I once bought a car at a live car auction, inspected it visually, won the auction and then took it for a test drive. Clutch slipped so did not buy it, not as described.


----------



## Alasdair (23 Feb 2022)

A quick warning. I bought a car on ebay using paypal and had problems with the seller as I got it very cheap and they then started stalling and canceled the pick up I organised saying it had developed a fault and wasn't as advertiseed.. Tried to get my money back via paypal and found it doesnt cover cars. Eventually got it back but it took a good while and loads of messages. Paypal also says they dont cover industrial machinery for manufacturing as well as houses etc. Check you are covered as it could be seen as an industrial manufacturing machine. If you pay for it and its a scam or garbage getting your money back may be a problem!!
Alasdair


----------



## shed9 (23 Feb 2022)

To note, the registered ebay address and collection address are not always the same. Also the money back eligibility covers industrial machinery but not industrial construction machinery hence the advice to use the item number in a recorded chat session to confirm that eligibility.


----------



## Oakay (23 Feb 2022)

RobinBHM said:


> Hi all,
> 
> Ive won a bid on a Wadkin machine (Sunday eve) Ive not paid yet, I sent the seller an email this morning, just requesting some details, but so far no response.
> 
> ...


Hire a plant trailer or suitable vehicle, or someone you trust to collect who knows what to look for and pay cash on collection. That way, if it doesn't fit description, you can walk away. Only bid on reasonably local machinery.


----------



## okeydokey (23 Feb 2022)

If you are uncertain then ask the seller to cancel the purchase as you have made a mistake. they should cancel if they are reputable. As you haven't paid IMO the most they can do is ask ebay to ask you to pay and you reply saying you've changed your mind and ebay might perhaps log in their system that you failed to complete a purchase - so what big deal better than losing potentially a £1000


----------



## Oakay (23 Feb 2022)

okeydokey said:


> If you are uncertain then ask the seller to cancel the purchase as you have made a mistake. they should cancel if they are reputable. As you haven't paid IMO the most they can do is ask ebay to ask you to pay and you reply saying you've changed your mind and ebay might perhaps log in their system that you failed to complete a purchase - so what big deal better than losing potentially a £1000


Agreed if they are not communicative. Good communication is essential and if the seller is not responding, you have reason for doubt.


----------



## Vann (23 Feb 2022)

Fergie 307 said:


> Try that approach at a live auction and see how you get on! If you bid and win you have bought it...

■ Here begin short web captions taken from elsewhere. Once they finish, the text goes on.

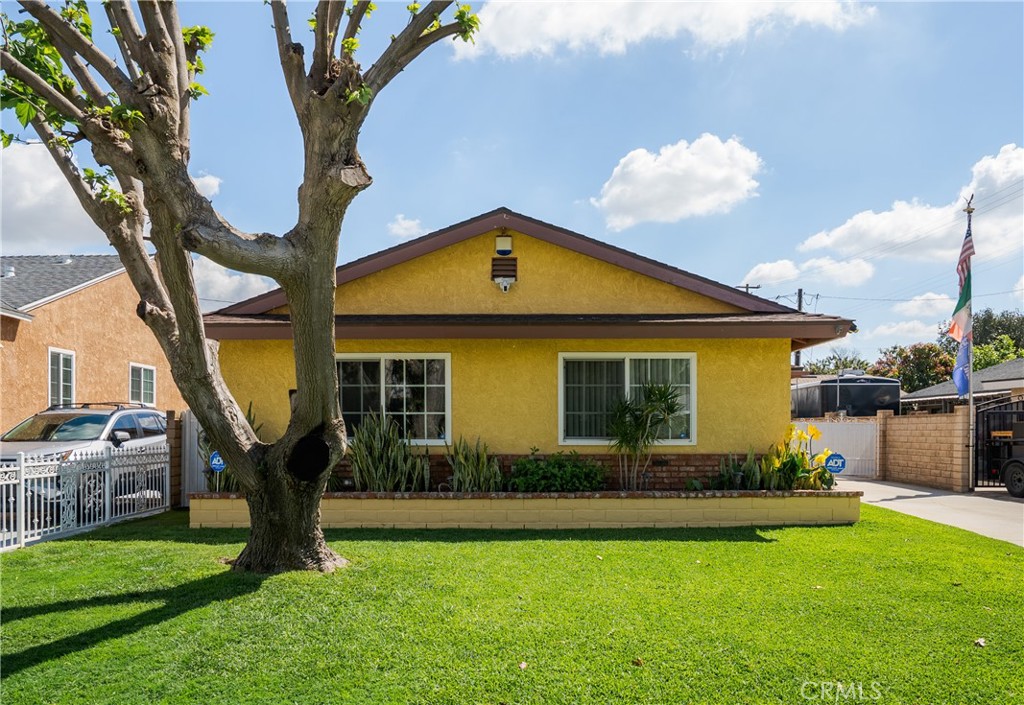 232 North Aspan Avenue Azusa, CA 91702 - Photo 2 of 29 a front view of a house with garden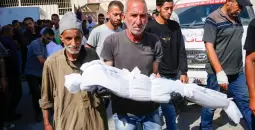 فلسطيني يحمل طفله بعد استشهاده في مجزرة بغزة.webp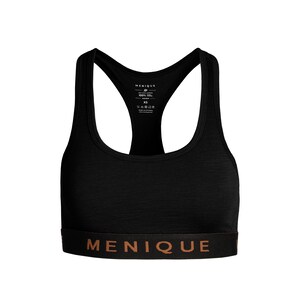 May include: Black sports bra with a racerback design. The bra features a wide band with the brand name "MENIQUE" in a copper color. The bra has a scoop neckline and is made of a textured fabric. The size is XS.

At a live auction things are different. You get time to check the item before you bid.
And you know you're buying from a reputable seller (i.e. you know the item exists).

I think it's fine to ask for reassurance even after the ebay bidding is over. I've seen handplanes with the cutting iron in wrong way around, described as being in good working order.

Cheers, Vann.


----------



## Vann (23 Feb 2022)

RobinBHM said:


> Hi Wallace, the BAO is described as a "rare 3 knife model" -is that likely to be correct? - Ive not come across old Wadkins to have anything but 2 knife blocks and would surprised if its an option.



My knowledge of Wadkins gets shaky when it comes to Wadkin-Bursgreen models, but a friend has a late 1950s Wadkin RZ with an optional 4-knife cutterblock (most RZs came with the standard 2-knife head). The 4-knife head uses the safer wedge method for holding the knives.

Good luck with this purchase. I'd be inclined to go collect it.

Cheers, Vann.


----------



## RobinBHM (23 Feb 2022)

Distinterior said:


> I'm in that area....PM me Robin if you think I could help....
> 
> Tim.


Thank you very much for the offer, that’s very kind - this is a fantastic community on here. 

if I get any further with this I will get in touch.


----------



## RobinBHM (23 Feb 2022)

Oakay said:


> Hire a plant trailer or suitable vehicle, or someone you trust to collect who knows what to look for and pay cash on collection. That way, if it doesn't fit description, you can walk away. Only bid on reasonably local machinery.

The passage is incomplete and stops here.